§ **Material provided**:
------------------------------------------------

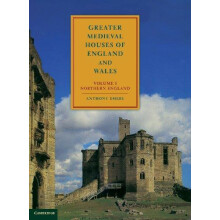 Greater Medieval Houses of England and Wales 1300 1500 Volume 1 Northe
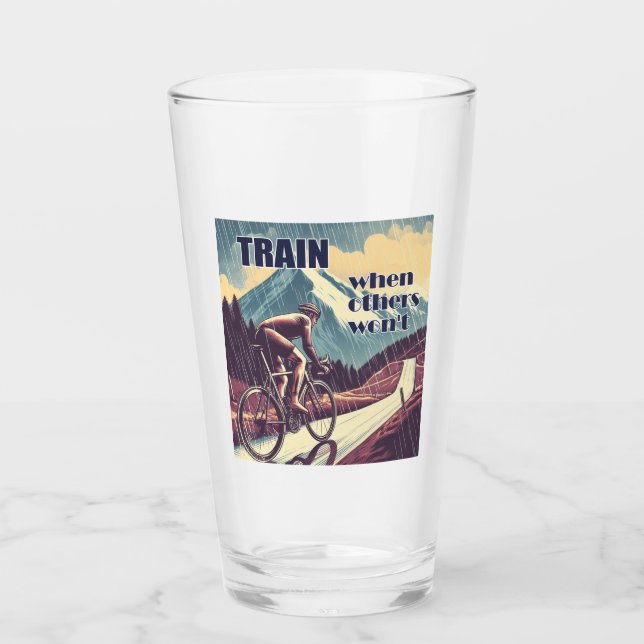Train When Others Won't Cycling Glass (Front)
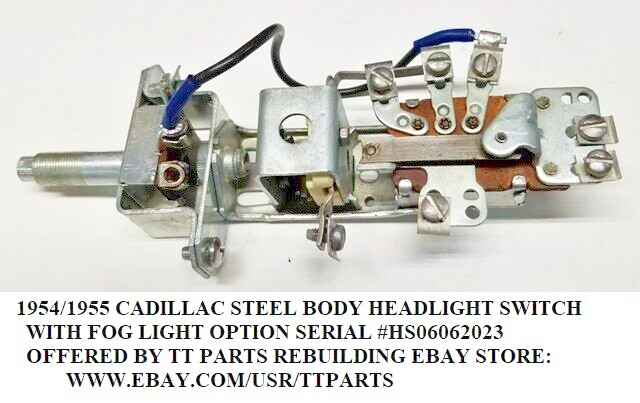 1953/54/55 CADILLAC HEADLIGHT SWITCH WITH FOG LIGHT SWITCH TESTED & WORKS
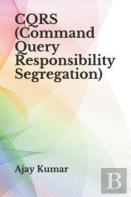 Cqrs (Command Query Responsibility Segregation)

------------------------------------------------

§ **Task to complete**:
Exclude the pictures and give back the rest of the data above exactly as written.

§ **Your response**:
 Greater Medieval Houses of England and Wales 1300 1500 Volume 1 Northe
Train When Others Won't Cycling Glass (Front)
 1953/54/55 CADILLAC HEADLIGHT SWITCH WITH FOG LIGHT SWITCH TESTED & WORKS
 Cqrs (Command Query Responsibility Segregation)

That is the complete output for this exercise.